====== Records shown ======
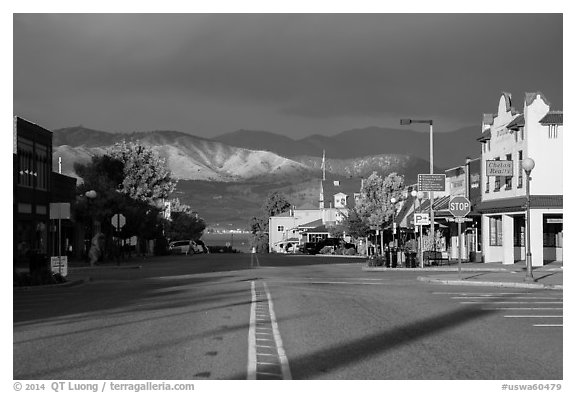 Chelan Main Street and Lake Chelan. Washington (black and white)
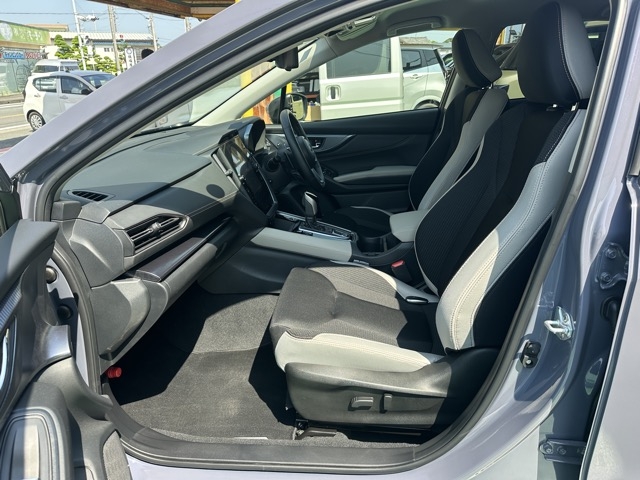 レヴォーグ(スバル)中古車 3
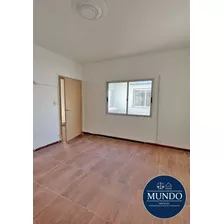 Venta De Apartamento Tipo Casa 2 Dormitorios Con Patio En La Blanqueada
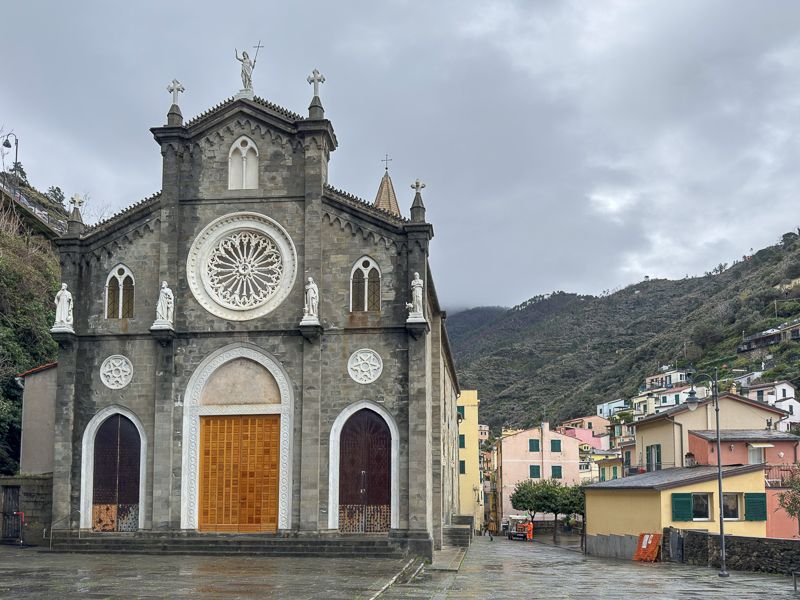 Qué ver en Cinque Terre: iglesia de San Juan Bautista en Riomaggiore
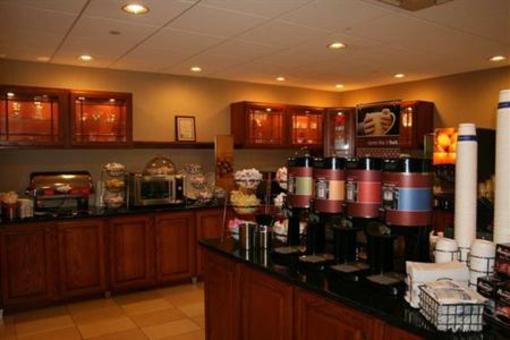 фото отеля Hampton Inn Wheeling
======
Task to carry out >> All entries should be restated word for word; no images belong in the copy.

Written answer >>
 Chelan Main Street and Lake Chelan. Washington (black and white)
 レヴォーグ(スバル)中古車 3
 Venta De Apartamento Tipo Casa 2 Dormitorios Con Patio En La Blanqueada
 Qué ver en Cinque Terre: iglesia de San Juan Bautista en Riomaggiore
 фото отеля Hampton Inn Wheeling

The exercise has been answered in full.